In this week’s assignment, I have used
Conv1D(128, 6 , activation=‘relu’),
GlobalAveragePooling1D(),
Three Dense() layers - eg. Dense(128, activation= ‘relu’), and Dense (64, activation = ‘relu’).
Two Droupout(0.2) layers.
I have got very erratic curves for validation. see the picture here.
how can I smoothen them to look more like in the examples? what do I need to change?
thank you
Which assignment is this for?
the assignment for Week 3, C3W3_Assignment.
I think you should be using lstm with dropouts. Great thing about lstm is you can add dropouts right in the parameters. Instead of making a whole new layer. You are probably using to many layers as well. maybe 2 lstm layers with a drop out with 2 dense layers should be plenty. Just remember to add the return_sequences to true in your parameters. If you have everything else it should run fine. Tell me how it goes. Good luck
I have tried two LSTM layers and 2 Dense layers()
tf.keras.layers.Bidirectional(tf.keras.layers.LSTM(64, dropout=0.2, return_sequences=True)),
# tf.keras.layers.LSTM(32),
tf.keras.layers.Bidirectional(tf.keras.layers.LSTM(32)),
tf.keras.layers.Dense(8, activation='relu'),
tf.keras.layers.Dense(1, activation='sigmoid')
It still looks jagged, nothing like in the examples.
Did you set up an embedding? Mine had 1 embedding layer, 1 lstm, one dropout, and 2 dense layers
yes, it works now - yet, my validation loss curve still looks jagged.
what does yours look like? does it look like any of the examples.
Hey bluetail!
I might try using a slightly simpler model architecture here - and avoid using the built-in dropout in the LSTM feature.

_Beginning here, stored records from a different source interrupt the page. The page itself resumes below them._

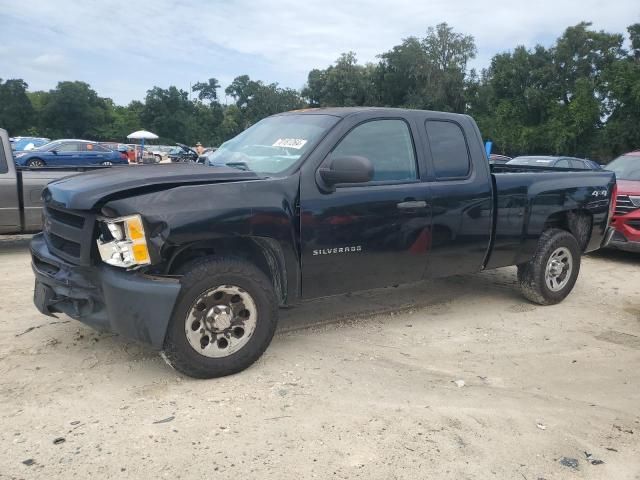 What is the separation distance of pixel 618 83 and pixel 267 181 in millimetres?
36902

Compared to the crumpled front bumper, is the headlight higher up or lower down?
higher up

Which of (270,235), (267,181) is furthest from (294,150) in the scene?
(270,235)

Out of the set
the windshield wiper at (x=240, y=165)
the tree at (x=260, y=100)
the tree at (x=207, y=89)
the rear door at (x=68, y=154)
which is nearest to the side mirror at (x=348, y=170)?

I was able to see suitable results with that approach - I hope that helps you!
Thanks,
Chris
2 Likes
Jagged wouldn’t be my first concern. That would be flat. By which I mean it doesn’t look like the training loss decreases, which means underfitting or not enough learning. If your validation loss was smooth but the model isn’t learning, that is still undesirable. So I would focus on the model and the training accuracy/loss first. See if @CSAlexiuk advice helps you there.
1 Like